There ARE Rules… They’re Known as MANNERS
What type of housemate are you?
… It matters.
The rest of the house-sharing world.
As a twenty- something- year old, I still share accommodation. Sometimes this is wonderful; sometimes it is not. I guess I still share because I’m too busy eating Avocado and Eggs Benedict Toast to be able to save and afford my own roof and four walls; that’s what some believe. I, on the other hand, one of the people experiencing life as a young Irish person would personally blame it on how us ‘millennials’ have been dealt a rough hand, been given the short end of the stick shall we say.
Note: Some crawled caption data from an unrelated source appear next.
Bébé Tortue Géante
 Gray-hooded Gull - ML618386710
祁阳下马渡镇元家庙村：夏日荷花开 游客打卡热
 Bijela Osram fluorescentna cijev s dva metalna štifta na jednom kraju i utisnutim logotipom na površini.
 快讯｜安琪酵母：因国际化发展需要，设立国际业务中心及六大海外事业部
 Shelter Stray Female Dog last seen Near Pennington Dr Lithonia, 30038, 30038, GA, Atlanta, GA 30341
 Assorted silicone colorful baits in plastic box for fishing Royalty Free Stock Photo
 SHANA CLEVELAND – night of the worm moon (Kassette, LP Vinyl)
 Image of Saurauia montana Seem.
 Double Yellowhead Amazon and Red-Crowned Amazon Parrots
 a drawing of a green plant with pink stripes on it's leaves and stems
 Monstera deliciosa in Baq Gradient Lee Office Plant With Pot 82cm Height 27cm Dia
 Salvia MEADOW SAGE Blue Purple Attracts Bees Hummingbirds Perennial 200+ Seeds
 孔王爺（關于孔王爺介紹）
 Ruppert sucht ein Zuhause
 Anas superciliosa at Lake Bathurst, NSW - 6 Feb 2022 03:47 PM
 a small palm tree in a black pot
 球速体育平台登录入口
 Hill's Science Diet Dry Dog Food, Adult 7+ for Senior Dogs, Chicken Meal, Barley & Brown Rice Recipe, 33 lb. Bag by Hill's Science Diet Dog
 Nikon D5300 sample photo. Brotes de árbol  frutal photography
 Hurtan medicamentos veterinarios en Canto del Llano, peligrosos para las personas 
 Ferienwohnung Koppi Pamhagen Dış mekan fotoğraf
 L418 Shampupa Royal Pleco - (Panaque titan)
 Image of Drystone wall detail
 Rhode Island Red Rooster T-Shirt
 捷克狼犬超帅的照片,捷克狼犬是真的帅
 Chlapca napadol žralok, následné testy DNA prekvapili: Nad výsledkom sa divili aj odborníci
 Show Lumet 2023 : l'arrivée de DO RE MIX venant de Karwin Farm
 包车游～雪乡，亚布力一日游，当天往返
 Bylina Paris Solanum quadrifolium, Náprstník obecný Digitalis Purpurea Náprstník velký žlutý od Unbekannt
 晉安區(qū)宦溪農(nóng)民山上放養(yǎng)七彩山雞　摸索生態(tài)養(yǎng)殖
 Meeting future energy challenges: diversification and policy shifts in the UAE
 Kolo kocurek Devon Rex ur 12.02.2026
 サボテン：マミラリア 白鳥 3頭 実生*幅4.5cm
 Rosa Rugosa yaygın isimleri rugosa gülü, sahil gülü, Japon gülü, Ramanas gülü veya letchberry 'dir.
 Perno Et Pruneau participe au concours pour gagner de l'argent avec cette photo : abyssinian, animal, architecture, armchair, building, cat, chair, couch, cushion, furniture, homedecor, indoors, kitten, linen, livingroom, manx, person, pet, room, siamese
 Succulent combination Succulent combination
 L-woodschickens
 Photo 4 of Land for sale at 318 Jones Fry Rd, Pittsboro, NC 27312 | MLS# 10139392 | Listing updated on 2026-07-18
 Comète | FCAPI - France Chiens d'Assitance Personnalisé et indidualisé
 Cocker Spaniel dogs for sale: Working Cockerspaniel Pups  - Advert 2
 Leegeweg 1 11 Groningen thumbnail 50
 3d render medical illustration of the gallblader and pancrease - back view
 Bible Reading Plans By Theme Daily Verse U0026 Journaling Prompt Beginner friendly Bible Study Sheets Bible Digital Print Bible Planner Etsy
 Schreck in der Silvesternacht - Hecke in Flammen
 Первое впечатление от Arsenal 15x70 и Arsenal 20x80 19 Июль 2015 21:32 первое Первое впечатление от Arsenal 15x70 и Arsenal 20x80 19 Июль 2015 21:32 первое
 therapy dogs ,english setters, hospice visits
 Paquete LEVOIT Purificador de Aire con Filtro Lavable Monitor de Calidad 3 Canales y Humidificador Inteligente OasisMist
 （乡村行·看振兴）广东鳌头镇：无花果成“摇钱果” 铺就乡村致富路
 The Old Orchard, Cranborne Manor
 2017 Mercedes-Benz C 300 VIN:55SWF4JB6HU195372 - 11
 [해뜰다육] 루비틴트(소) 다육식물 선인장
Now, I’m playing my cards as best I can and working hard on proving anything is possible… Please, let this dreamer dream!
My father sometimes takes liberty in reminding me that by the time he was twenty-two or so he owned a house, one he built himself. He understands how life in the ‘80s was different than it is now in the ‘10s and it pains him on my behalf as it does me. Nonetheless, the opportunity for that milestone has passed me right by because when I was twenty-two I was neck deep in student debt, no gift of land from family (small time farmers, callow land… I’m sure some of you can appreciate the struggle!); and to top it all off, I had another year left in college to get my lovely middle class qualification with my working class wage after busting my barney for six years between under-and post-graduate courses.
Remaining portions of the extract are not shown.